Hosing down (HRT) panic

“Breast cancer rates increased by 26%” in women receiving combined HRT, said some of the press reports of the recent US study. Would this have struck as much dread if all reports had focused instead on the absolute risk — which rose from 30 to 38 per 10 000 person-years? An editorial by Patel et al (page 345) argues that journals should comply with a checklist of essential information when issuing press releases, and publish similarly vetted key messages for the public at the end of research articles.

In another twist on the HRT story, Durna and colleagues (page 347) examined HRT use and the risk of recurrence and death in over 1000 postmenopausal breast cancer survivors, and Dixon (page 340) summarises current knowledge on whether HRT is safe for such patients.

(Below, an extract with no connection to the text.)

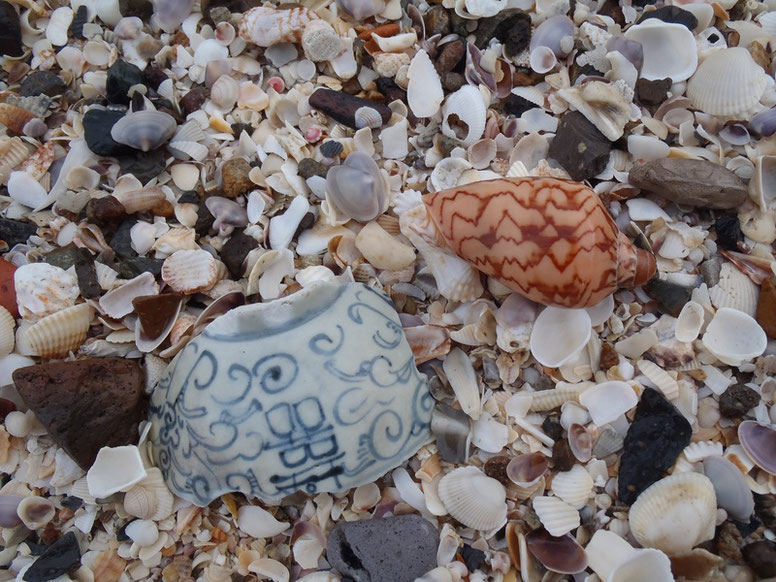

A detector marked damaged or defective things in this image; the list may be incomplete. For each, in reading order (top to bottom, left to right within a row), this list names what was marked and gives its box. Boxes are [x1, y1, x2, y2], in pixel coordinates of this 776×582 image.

broken porcelain shard [422, 177, 656, 310]
broken porcelain shard [149, 282, 434, 506]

Low molecular weight heparins are convenient, safe and effective in most situations where heparin is indicated. How and in whom should (and shouldn’t) they be used? Eikelboom and Hankey update us in New Drugs, Old Drugs on page 379.

Ross River recovery

Patients fear Ross River virus not just because of its acute effects, but because some reports have suggested that joint problems and systemic symptoms may persist for years. With these concerns in mind, Harley et al (page 352) and Mylonas et al (page 356) studied separate cohorts of patients over six months and 12 months after diagnosis, respectively. Both studies suggest that the road to recovery may be shorter than is commonly believed.

Jellyfish fatality

When two tourists died after jellyfish stings in Queensland waters earlier this year, the news made headlines. Of concern is the fact that they were the first known deaths from the Irukandji syndrome. Fenner and Hadok present the clinical details of one of these patients on page 362.

A word from our sponsors

This year the Australian Society for Medical Research chose US geneticist Leon E Rosenberg as its medallist. Professor Rosenberg has been a bench scientist, a medical school dean and head of research and development at a pharmaceutical company (among other things), so he was well qualified to talk about research funding when he addressed the Society recently. On page 368 we present an edited version of his oration.

Speaking of sponsors, the MJA editors have been taken to task for flagrantly flirting with industry in a recent supplement. Read the damning observation and our attempts to pour oil on troubled waters on page 400.

. . . and do try to read more than the sponsorship details in the supplement included with this issue. Preventing Depression is a topic that deserves your attention.

Looking ahead

Every prescription we write for a preventive medication carries with it a complex set of issues regarding benefits, risks and costs. Enter epidemiological modelling, which can be used to ensure that prescribing decisions pertain as much as possible to individual patients. Liew et al explain how on page 364.

Another time ... another place...

Those who are to be the leaders . . . of medical science for the coming generation must earn their position by persistent, original investigation, and by faithfully recording their experience in the permanent literature of the day.